La presa di posizione di Elena Kagan sulle discriminazioni nei confronti degli omosessuali evidenzia come il suo progressismo faccia riferimento più a politiche identitarie (diritti gay, femminismo) che alla giustizia sociale o agli stessi diritti civili legati all’espansione delle prerogative del potere esecutivo nell’ultimo decennio. Se la Kagan, infatti, definì una “mostruosa ingiustizia” la politica dell’esercito di negare l’arruolamento a gay e lesbiche, gli stessi scrupoli non ha manifestato, ad esempio, riguardo le detenzioni indefinite di presunti terroristi senza processo, gli assassini extra-giudiziali autorizzati dal presidente o le intercettazioni illegali ai danni dei cittadini.

Un pressoché incondizionato assenso agli eccessi della “guerra al terrore” la Kagan l’aveva dimostrato nel marzo del 2009, nel corso delle audizioni al Senato per la sua conferma a “solicitor general”. Sui temi economici, poi, è piuttosto evidente la sua tendenza a favorire gli interessi delle corporation, come dimostra anche il suo ruolo di consulente esterno per Goldman Sachs tra il 2005 e il 2008. Più di una riserva è stata sollevata infine anche dalle associazioni che si battono per il diritto all’aborto. Come ha rivelato la Associated Press, in un memorandum scritto nel 1997 per l’amministrazione Clinton, Elena Kagan sollecitava l’appoggio ad una legge restrittiva sull’interruzione di gravidanza.

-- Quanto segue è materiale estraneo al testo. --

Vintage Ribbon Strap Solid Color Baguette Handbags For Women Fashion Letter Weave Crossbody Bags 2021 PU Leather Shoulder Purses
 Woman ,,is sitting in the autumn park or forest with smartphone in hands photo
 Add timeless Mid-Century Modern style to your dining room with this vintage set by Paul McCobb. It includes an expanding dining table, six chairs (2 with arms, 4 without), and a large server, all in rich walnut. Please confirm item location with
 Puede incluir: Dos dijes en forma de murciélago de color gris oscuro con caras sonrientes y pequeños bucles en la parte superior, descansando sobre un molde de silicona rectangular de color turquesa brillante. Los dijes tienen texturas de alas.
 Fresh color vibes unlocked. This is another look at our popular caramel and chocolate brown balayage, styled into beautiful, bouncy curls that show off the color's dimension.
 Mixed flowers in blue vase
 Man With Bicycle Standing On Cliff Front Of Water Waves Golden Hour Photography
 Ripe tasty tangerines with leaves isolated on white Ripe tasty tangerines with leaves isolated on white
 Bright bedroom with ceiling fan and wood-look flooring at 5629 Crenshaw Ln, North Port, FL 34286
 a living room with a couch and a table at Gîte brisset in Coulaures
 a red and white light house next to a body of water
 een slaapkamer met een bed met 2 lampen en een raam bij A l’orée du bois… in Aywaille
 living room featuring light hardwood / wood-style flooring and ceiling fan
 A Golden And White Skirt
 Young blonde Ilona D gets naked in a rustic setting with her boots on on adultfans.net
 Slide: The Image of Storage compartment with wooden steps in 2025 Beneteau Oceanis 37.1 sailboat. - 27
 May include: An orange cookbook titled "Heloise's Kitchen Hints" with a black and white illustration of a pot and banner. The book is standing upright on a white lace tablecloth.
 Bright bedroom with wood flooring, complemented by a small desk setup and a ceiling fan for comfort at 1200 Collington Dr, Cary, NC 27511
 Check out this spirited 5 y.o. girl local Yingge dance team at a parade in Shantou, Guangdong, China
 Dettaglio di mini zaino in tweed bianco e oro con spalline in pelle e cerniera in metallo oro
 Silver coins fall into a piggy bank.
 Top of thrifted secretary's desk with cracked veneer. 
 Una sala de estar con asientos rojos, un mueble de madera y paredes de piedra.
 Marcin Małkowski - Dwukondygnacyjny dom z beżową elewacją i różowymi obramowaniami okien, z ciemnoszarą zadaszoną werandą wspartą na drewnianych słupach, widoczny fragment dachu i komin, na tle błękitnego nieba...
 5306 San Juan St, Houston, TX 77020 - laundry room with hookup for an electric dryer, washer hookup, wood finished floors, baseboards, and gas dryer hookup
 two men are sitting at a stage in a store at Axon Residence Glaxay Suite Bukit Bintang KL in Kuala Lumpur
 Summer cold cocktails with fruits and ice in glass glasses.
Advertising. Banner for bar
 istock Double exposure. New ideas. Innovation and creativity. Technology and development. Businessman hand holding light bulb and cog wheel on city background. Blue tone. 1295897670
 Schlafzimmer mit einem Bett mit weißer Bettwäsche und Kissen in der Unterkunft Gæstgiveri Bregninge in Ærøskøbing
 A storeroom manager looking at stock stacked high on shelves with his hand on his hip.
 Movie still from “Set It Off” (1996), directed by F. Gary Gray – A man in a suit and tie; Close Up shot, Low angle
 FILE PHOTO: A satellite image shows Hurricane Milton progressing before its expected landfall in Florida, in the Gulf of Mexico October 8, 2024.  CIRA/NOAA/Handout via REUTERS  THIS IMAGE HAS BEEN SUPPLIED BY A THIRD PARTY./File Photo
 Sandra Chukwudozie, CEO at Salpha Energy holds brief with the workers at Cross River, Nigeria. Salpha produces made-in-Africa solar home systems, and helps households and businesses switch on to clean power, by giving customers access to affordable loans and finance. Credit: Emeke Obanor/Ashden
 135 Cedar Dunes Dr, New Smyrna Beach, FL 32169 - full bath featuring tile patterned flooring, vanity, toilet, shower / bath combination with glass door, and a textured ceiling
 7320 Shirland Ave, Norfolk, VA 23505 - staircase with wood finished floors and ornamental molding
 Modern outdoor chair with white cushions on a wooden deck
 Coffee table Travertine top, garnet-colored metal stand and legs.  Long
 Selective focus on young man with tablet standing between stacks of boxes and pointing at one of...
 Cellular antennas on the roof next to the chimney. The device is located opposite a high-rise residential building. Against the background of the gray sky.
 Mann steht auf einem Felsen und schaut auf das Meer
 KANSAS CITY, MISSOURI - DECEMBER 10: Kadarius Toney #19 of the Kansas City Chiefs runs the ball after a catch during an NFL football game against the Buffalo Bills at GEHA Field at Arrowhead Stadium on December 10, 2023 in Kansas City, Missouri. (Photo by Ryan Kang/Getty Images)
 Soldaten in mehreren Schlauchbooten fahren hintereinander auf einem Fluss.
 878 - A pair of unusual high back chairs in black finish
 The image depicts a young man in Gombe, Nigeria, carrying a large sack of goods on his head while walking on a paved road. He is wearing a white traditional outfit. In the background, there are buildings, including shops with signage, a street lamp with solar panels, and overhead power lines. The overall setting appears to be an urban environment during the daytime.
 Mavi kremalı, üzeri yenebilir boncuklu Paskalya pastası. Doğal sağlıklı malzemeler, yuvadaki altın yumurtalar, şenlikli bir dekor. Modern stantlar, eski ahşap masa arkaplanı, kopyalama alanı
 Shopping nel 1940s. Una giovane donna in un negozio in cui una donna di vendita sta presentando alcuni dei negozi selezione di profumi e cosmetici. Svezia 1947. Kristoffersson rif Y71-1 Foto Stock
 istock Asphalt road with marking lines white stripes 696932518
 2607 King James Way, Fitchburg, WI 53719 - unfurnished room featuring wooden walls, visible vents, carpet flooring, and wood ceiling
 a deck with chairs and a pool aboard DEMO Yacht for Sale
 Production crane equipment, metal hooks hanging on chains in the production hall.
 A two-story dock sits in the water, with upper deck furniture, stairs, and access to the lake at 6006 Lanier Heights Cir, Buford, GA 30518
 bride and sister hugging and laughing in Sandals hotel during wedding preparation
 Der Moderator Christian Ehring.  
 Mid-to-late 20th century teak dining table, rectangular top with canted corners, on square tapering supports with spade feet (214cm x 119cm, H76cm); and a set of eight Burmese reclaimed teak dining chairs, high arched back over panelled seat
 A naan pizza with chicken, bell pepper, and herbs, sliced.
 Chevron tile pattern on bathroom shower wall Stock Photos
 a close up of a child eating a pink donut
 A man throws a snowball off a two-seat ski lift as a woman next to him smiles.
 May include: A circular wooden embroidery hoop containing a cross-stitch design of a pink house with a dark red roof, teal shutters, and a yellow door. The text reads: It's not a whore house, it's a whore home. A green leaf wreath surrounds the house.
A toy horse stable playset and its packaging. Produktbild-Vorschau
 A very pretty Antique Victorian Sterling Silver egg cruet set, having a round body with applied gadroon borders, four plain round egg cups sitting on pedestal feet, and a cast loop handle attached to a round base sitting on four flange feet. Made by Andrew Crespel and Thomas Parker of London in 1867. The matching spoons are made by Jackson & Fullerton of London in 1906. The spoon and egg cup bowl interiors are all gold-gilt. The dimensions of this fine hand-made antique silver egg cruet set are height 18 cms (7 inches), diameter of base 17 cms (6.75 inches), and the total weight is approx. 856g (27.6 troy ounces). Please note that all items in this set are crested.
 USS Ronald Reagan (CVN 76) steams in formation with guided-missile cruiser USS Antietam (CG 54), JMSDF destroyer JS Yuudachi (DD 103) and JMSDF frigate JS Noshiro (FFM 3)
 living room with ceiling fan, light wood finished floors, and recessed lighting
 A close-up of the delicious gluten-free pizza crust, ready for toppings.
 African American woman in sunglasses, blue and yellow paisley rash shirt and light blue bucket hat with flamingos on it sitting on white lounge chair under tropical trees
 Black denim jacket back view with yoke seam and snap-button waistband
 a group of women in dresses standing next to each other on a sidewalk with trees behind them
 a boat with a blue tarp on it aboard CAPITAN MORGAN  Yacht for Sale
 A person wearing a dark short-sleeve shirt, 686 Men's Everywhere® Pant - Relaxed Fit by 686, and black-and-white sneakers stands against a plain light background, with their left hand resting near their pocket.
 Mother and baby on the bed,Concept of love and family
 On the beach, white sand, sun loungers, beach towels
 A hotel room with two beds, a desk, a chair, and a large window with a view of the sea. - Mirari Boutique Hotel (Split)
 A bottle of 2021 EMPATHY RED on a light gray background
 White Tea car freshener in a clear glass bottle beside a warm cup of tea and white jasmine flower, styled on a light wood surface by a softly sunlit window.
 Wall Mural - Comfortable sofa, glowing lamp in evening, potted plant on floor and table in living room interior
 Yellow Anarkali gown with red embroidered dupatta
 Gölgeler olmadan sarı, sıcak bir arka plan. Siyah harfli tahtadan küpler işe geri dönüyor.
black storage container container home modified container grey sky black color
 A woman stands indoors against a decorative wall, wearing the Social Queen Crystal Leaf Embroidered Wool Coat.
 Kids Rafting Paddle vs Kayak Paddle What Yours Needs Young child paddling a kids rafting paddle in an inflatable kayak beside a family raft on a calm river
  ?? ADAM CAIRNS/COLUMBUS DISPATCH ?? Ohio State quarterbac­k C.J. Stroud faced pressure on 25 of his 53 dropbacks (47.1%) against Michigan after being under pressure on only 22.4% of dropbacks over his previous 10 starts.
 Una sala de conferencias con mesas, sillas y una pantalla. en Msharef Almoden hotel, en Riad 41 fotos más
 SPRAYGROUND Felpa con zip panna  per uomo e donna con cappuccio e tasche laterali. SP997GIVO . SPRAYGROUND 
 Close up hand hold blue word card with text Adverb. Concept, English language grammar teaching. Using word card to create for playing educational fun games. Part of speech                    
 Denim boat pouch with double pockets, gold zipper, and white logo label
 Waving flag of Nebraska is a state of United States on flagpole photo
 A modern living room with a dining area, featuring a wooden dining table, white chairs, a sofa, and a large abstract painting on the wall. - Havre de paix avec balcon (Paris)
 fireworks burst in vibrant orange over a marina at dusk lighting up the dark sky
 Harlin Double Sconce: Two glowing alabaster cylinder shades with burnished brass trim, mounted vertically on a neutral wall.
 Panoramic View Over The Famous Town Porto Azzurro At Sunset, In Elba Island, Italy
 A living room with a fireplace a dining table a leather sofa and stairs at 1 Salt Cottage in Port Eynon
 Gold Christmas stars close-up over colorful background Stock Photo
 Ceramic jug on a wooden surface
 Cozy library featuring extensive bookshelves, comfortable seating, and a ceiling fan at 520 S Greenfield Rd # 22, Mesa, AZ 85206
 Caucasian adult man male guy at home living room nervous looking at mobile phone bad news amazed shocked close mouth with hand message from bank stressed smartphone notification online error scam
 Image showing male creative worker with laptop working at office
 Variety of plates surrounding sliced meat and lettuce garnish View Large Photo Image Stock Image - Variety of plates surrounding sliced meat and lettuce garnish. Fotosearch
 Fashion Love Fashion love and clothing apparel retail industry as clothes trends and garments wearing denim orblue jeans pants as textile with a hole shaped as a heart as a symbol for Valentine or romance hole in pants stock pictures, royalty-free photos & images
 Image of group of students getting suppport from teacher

In un clima politico notevolmente inaspritosi anche rispetto a un anno fa, Obama sembra dunque voler proporre una candidata in grado di raccogliere un consenso bipartisan. Nel 2009, inoltre, furono sette i senatori repubblicani a votare a favore di Elena Kagan per la nomina a “solicitor general”, circostanza che renderà ora complicato per loro un voto contrario alla sua candidatura alla Corte Suprema. La presenza nel tribunale costituzionale americano di un giudice che ha lavorato a stretto contatto con l’amministrazione Obama, poi, potrebbe tornare utile nel momento in cui dovessero finire all’esame della Corte un certo numero di casi che hanno a che fare con la legislazione promossa proprio dalla Casa Bianca (riforma sanitaria, leggi anti-terrorismo, riduzione delle emissioni in atmosfera).

Quel che è certo, come dimostrano le reazioni complessivamente negative da parte della sinistra del Partito Democratico, la scelta di Elena Kagan conferma nuovamente la rinuncia da parte di un presidente democratico a cercare di installare giudici in grado di promuovere la giustizia sociale dalla Corte Suprema, com’era accaduto fino almeno agli anni Sessanta. Ciò contrasta fortemente con la scelta deliberata da parte degli ultimi presidenti repubblicani di nominare conservatori irriducibili (Antonin Scalia, Clarence Thomas, Samuel Alito, John G. Roberts). Con l’addio del giudice John Paul Stevens, paladino di liberal e progressisti statunitensi, e la nomina da parte di Obama di Elena Kagan, così, nei prossimi anni il baricentro della Corte Suprema promette di spostarsi ulteriormente e pericolosamente verso destra.